Por eso se vio en la suya cuando el
toraco quinto, con sus pitones al viento, su acusada badana, sus casi
seis quintales y su cara de hombre para tomar en línea recta las verónicas que dibujó Aguilar mejor de lo que las tomó el bicho.
Toro de vibración, toro de moneda y de apuesta sincera, que no toro
bueno. Pero conquistó la plaza con su riñonuda pelea en el jaco, su
romaneo y su franca arrancada en la distancia a las chicuelinas del
quite. Iba a ser Aguilar el abogado de sus defectos, y
los tapó a la perfección; porque le tragó quina para apuntalarle la
intención, le construyó perdiendo un paso y le afianzó la escasa entrega
en un inicio clave para su posterior actuación.
Luego midió Alberto
cada cite, cada encuentro y cada embroque para ofrecer trao a media
altura, componer como si la tomase por abajo y vámonos, que ya te
exigiré en un rato. Lo hizo. Cuando enterró el talón para citar de
verdad a diestras, girar con levedad para quedar colocado y dejar la pañosa en el morro así se caigan los dioses del cielo.
Fue el oficio del abogado para hacer que pareciera bueno y hasta le
humillase templado en el hermoso final a dos manos. La estocada... de
ganar juicios. Por eso el tribunal se lo llevó de paseo con un despojo
en la mano. Era la oreja al toreo que alimentó el espíritu de la
persona. De Alberto, el abogado de oficio que hoy necesitaba un
espaldarazo en el turno.
También lo necesitaba un Sebastián Ritter
al que recibía el tribunal con el recelo aflorando. Sorprendió su
inclusión en el juicio del que se caía un herido. Y pudo estarlo también
el colombiano cuando le silbaron alrededor las guadañas del segundo,
muy a menos, pero toro a fin de cuentas. No luce Sebastián con el toro que no anda.
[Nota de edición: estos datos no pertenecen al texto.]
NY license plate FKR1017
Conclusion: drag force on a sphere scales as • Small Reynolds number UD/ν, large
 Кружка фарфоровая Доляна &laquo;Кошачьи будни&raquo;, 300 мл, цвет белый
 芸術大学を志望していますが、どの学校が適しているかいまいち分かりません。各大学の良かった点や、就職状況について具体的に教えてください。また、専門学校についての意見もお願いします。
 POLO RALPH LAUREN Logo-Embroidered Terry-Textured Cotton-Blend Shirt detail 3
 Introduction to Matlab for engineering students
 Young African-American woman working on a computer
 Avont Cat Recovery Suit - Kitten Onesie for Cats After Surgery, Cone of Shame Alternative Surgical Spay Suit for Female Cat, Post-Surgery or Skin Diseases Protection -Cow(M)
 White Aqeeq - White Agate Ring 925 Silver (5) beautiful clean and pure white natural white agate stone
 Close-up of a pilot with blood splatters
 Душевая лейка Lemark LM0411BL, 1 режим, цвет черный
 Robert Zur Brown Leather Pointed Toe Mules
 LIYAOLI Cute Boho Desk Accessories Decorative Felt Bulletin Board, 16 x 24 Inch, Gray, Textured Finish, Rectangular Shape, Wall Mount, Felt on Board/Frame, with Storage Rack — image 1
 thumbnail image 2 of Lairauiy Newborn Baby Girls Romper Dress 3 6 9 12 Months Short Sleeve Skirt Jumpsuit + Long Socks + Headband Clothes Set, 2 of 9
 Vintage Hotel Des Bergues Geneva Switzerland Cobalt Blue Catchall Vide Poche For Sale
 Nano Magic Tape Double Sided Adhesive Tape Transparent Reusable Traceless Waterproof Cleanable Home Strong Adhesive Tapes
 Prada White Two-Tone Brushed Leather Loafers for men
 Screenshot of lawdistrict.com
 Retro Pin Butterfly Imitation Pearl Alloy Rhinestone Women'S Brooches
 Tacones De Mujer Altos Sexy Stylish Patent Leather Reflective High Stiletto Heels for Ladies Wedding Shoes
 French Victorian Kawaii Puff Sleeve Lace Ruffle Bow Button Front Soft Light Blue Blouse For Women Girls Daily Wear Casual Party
Su gran sentido del temple y su seco valor no se perciben en su justa
medida cuando no se respeta al animalito que tiene delante, pero los
tiene. Y ruza la línea de pasar fatigas con más facilidad que le pitan
los de siempre, los que le abroncaron sin medida después de despachar al
al exigente, correoso y remontón sexto. Cierto que perdió los papeles
una vez se tiró a matarlo, pero no lo es menos que se ensañó con él el
tribunal.
Pedro El Capea ya está
acostumbrado a que lo hagan. También está el charro en el turno de
oficio y tiene una virtud extraordinaria para pisar Madrid: ni siquiera suda para despachar a los toros,
lancea con soltura y ritmo con el capote y tiene sentido de la medida.
Después, con la muleta en la mano, le cuesta transmitir expresiones,
dulzificar los trazos y templar las imposiciones. Se le paró el
manejable primero por no conjugarle el pulso con la distancia. No le
caminó el cuarto lo que hubiera necesitado, y allí, con un toro delante y
la responsabilidad de Madrid, ni siquiera hizo un gesto al par de
graciosos contrahechos que se divirtieron increpándole todo el trasteo.
Luego lo contarán como hazaña en la taberna, porque se creen con derecho
después de haber pagado También pagaron los demás y también tienen
derecho a no escuchar sus estulticias.
Los demás, los del tribunal serio,
otorgaron su beneplácito al abogado de oficio, al letrado de corazón y
al magistrado de alma, que hoy se llevó una oreja de su plaza de Madrid. Porque no se hace el toreo, cuando se siente, con las piernas o las manos: se hace con el corazón.
FICHA DEL FESTEJO
Plaza de toros de Las Ventas, Madrid.
Feria de San Isidro, vigésimo tercera de abono. Dos tercios de entrada
en tarde nublada y fresca. Cinco toros de Montealto
(devuelto el primero por partirse un pitón; humillador y codicioso muy a
menos el segundo, aplaudido; devuelto por descoordinado el tercero;
noble y sin sustancia el soso sexto, que salió tercero al correr turno;
con movilidad y repetición sin clase el quinto) y dos (1º bis y 4º) de Julio de la Puerta, bien presentados pero de juego desigual, venidos a menos y desclasados en líneas generales. Un sobrero (sexto) de El Ventorrilo, reponedor y exigente con movilidad.
Pedro Gutiérrez "El Capea" (grana y oro): leves palmas tras aviso y silencio.
Alberto Aguilar (nazareno y oro): silencio y oreja.
Sebastián Ritter (sangre de toro y oro): silencio y pitos tras tres avisos.